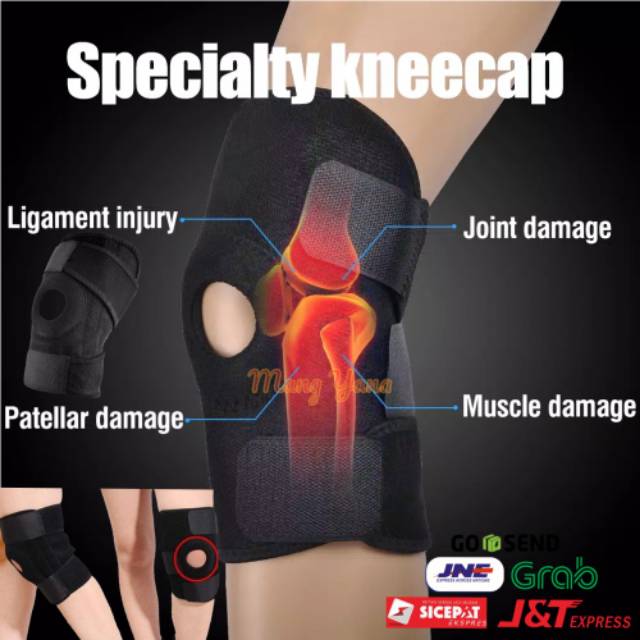 [TERMURAH]Deker Alat Pelindung Penyangga Lutut Kaki Open Patella Knee Support Brace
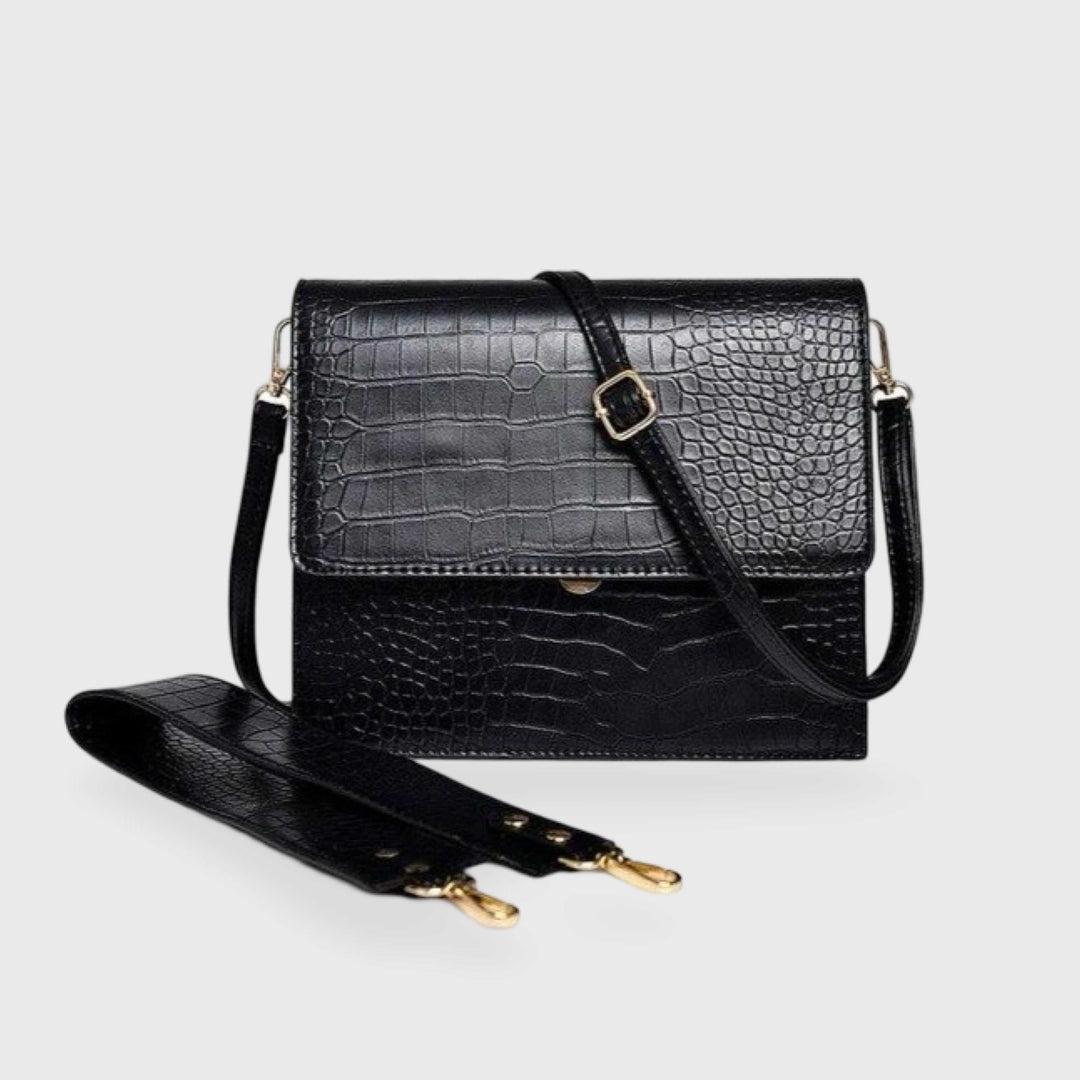 Emilia Structured Crossbody vegan leather bag with croc-embossed finish and gold hardware
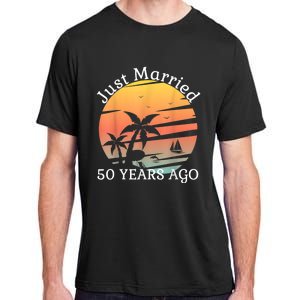 50th Wedding Anniversary Cruise Just Married 50 Years Adult ChromaSoft Performance T-Shirt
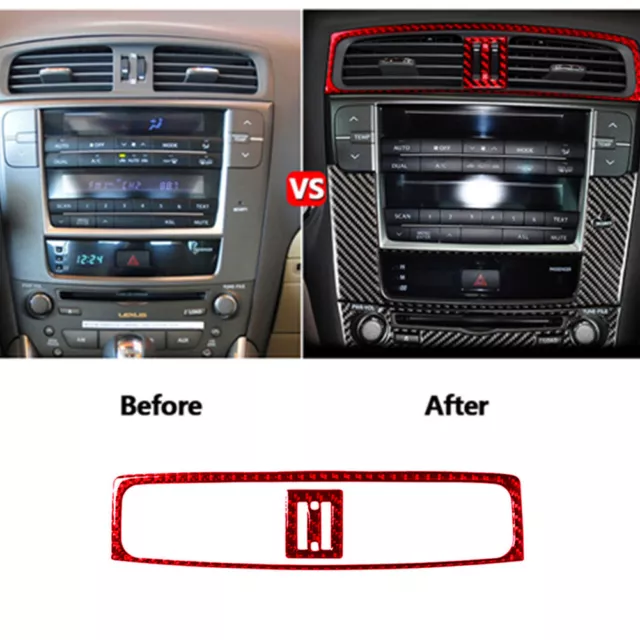 Red Carbon Fiber Air Vent Outlet Cover Trim For LEXUS IS250 300 350 2006-2012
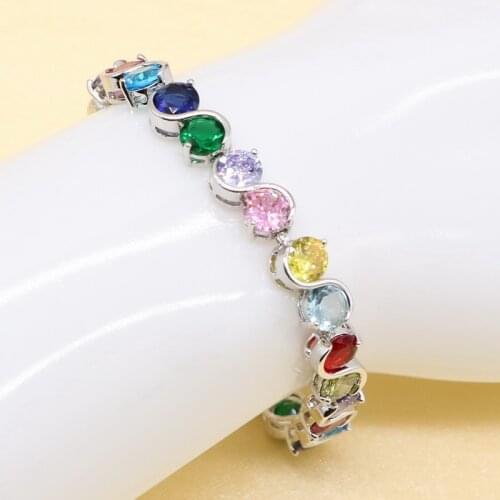 XUTAAYI Multicolor New Trendy 2019 Cubic Zirconia Jewelry Silver Color Round Charm CZ Crystal Female Bracelets Bangles for Women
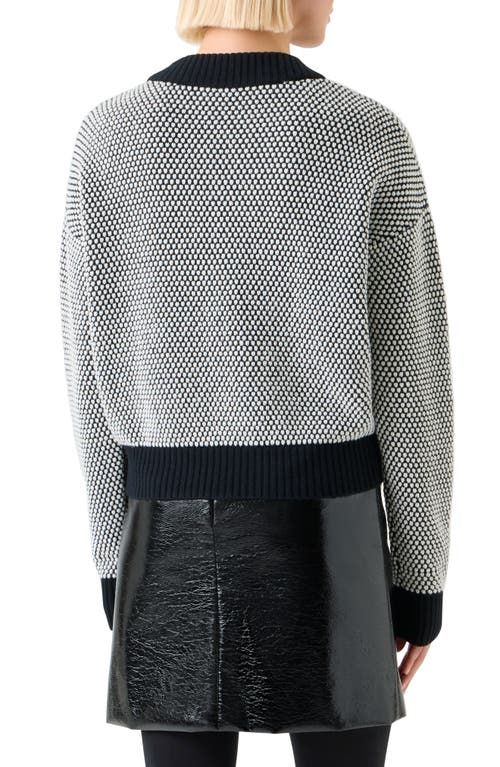 Akris Punto Cashmere-wool 3d Dot Knit Crewneck Sweater In Black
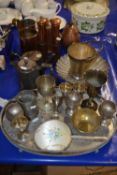 Mixed Lot: Various silver plated copper and other metal wares to include serving tray, goblets,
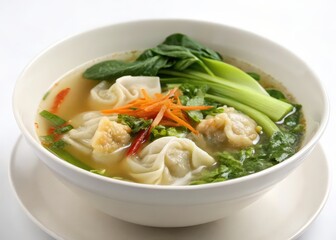 bowl of soup containing noodles, vegetables such as broccoli and carrots, topped with green onions.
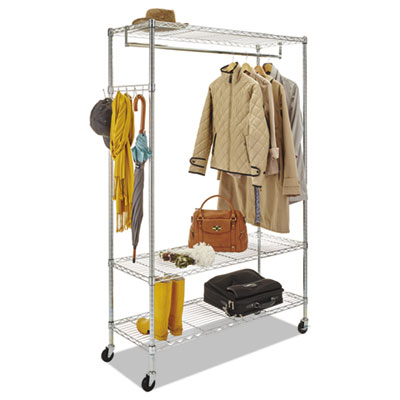 Picture of Alera GR364818SR Wire Shelving Garment Rack&#44; Coat Rack&#44; Stand Alone Rack with Casters&#44; Silver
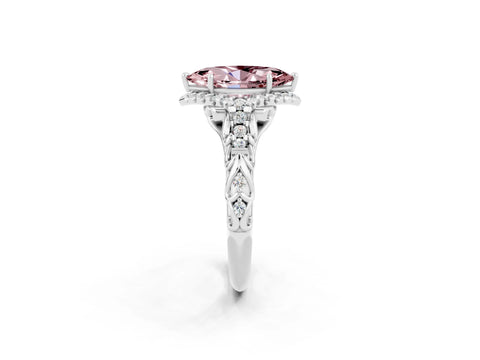 White gold Marquise Cut Morganite Solitaire Ring with Hidden Halo and Pavé Band_14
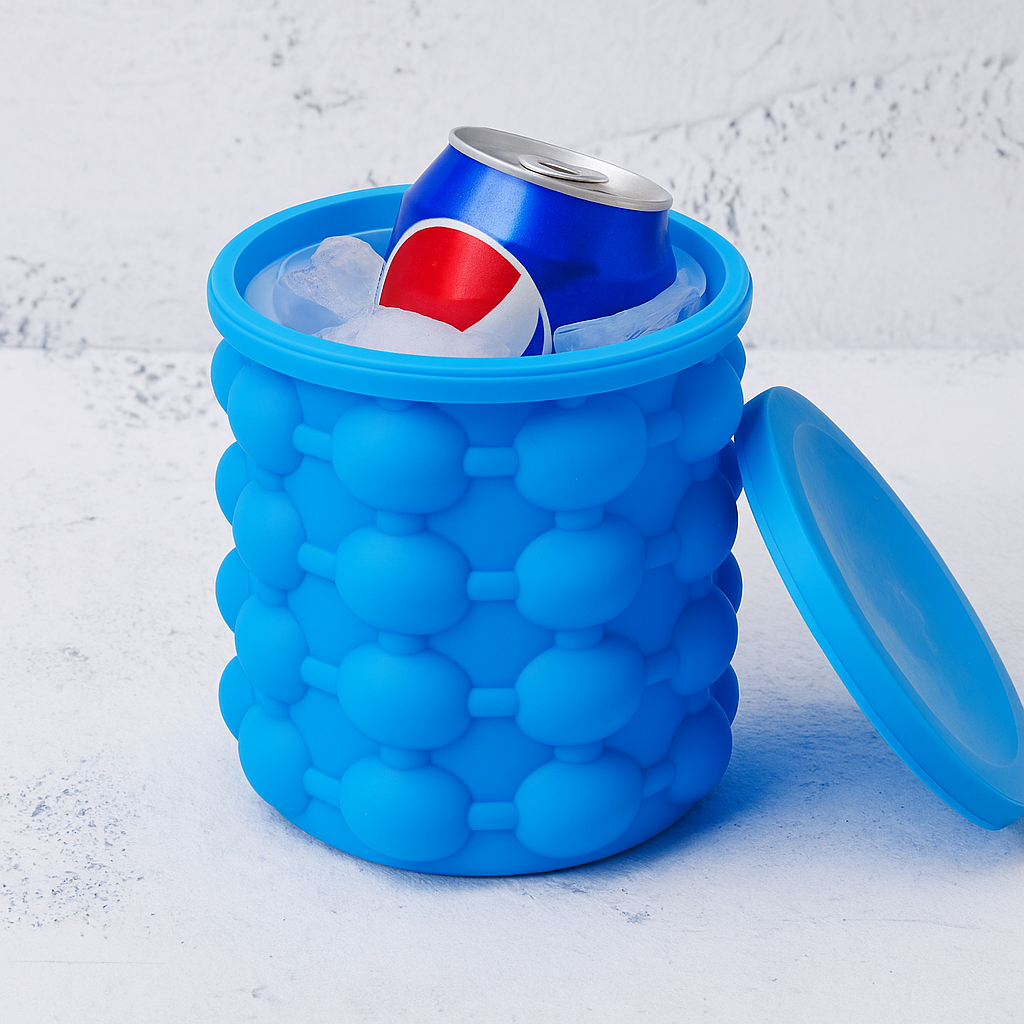 Balde de Gelo de Silicone Térmico Bebidas Festas Calor Armazena Cubos de Gelo Cooler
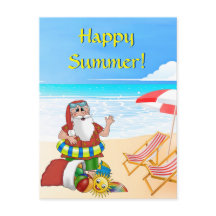 Santa Postcard Julafton Summer Beach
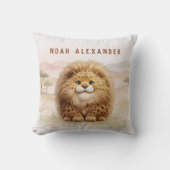 Safari Cute Zuberi The Fluffy Leopard Name Kids Kussen (Voorkant)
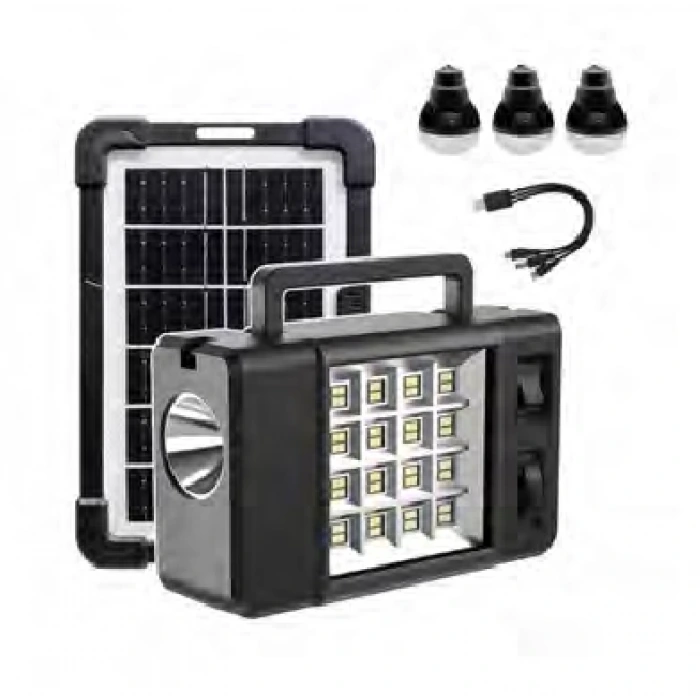 120W Şarj Edilebilir Solar Işıldak Paketi ; 1920lm ; 6500K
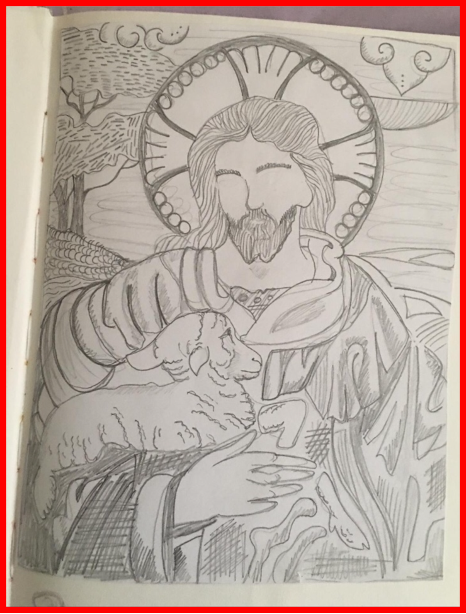 Observational drawing of Jesus holding a lamb using different mediums by Maître Orchidée Wafo.The peculiar element of Orchidée’s art work is that the faces always remain unfinished. When asked as to the reason why, she replied: “It defies the principle of a supernatural entity’s identity to remain ambiguous to the human eye. It can only subsequently be fully revealed to a person after death.” Maître Orchidée Wafo. The Bridge MAG. Image 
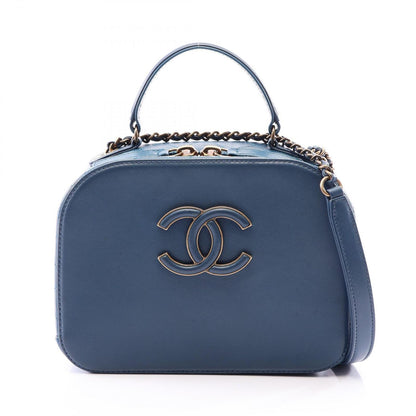 Chanel Shoulder Bag CC Logo 2-Way Blue Leather Quilted Top Handle Chain
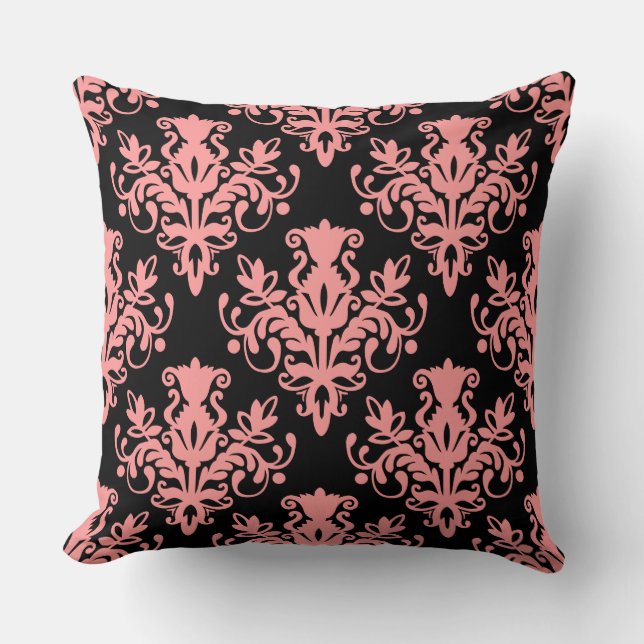 Damask 02 Pattern - Soft Pink on Black Cushion (Front)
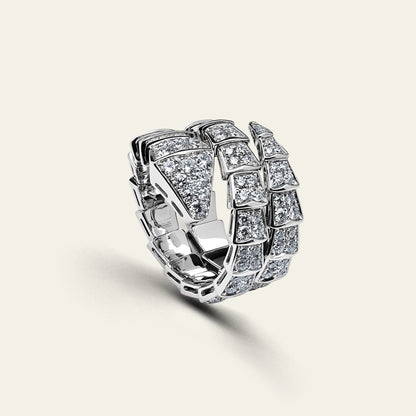 BVLGARI Serpenti Viper Two-Coil Ring White Gold Pavé Diamond 345228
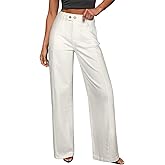 Sidefeel Women's Wide Leg Jeans High Waisted Stretchy Baggy Front Seam Denim Pants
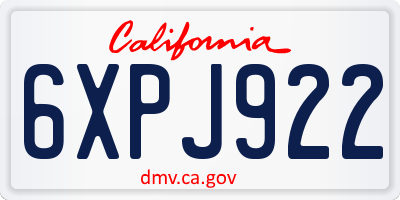 CA license plate 6XPJ922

> [Exercise details] Each record above must be set down again unchanged, with its pictures left out.

> [Task solution]
 [TERMURAH]Deker Alat Pelindung Penyangga Lutut Kaki Open Patella Knee Support Brace
 Emilia Structured Crossbody vegan leather bag with croc-embossed finish and gold hardware
 50th Wedding Anniversary Cruise Just Married 50 Years Adult ChromaSoft Performance T-Shirt
 Red Carbon Fiber Air Vent Outlet Cover Trim For LEXUS IS250 300 350 2006-2012
 XUTAAYI Multicolor New Trendy 2019 Cubic Zirconia Jewelry Silver Color Round Charm CZ Crystal Female Bracelets Bangles for Women
 Akris Punto Cashmere-wool 3d Dot Knit Crewneck Sweater In Black
 Mixed Lot: Various silver plated copper and other metal wares to include serving tray, goblets,
 bowl of soup containing noodles, vegetables such as broccoli and carrots, topped with green onions.
 Picture of Alera GR364818SR Wire Shelving Garment Rack&#44; Coat Rack&#44; Stand Alone Rack with Casters&#44; Silver
 White gold Marquise Cut Morganite Solitaire Ring with Hidden Halo and Pavé Band_14
 Balde de Gelo de Silicone Térmico Bebidas Festas Calor Armazena Cubos de Gelo Cooler
 Santa Postcard Julafton Summer Beach
 Safari Cute Zuberi The Fluffy Leopard Name Kids Kussen (Voorkant)
 120W Şarj Edilebilir Solar Işıldak Paketi ; 1920lm ; 6500K
 Observational drawing of Jesus holding a lamb using different mediums by Maître Orchidée Wafo.The peculiar element of Orchidée’s art work is that the faces always remain unfinished. When asked as to the reason why, she replied: “It defies the principle of a supernatural entity’s identity to remain ambiguous to the human eye. It can only subsequently be fully revealed to a person after death.” Maître Orchidée Wafo. The Bridge MAG. Image 
 Chanel Shoulder Bag CC Logo 2-Way Blue Leather Quilted Top Handle Chain
 Damask 02 Pattern - Soft Pink on Black Cushion (Front)
 BVLGARI Serpenti Viper Two-Coil Ring White Gold Pavé Diamond 345228
 Sidefeel Women's Wide Leg Jeans High Waisted Stretchy Baggy Front Seam Denim Pants
 CA license plate 6XPJ922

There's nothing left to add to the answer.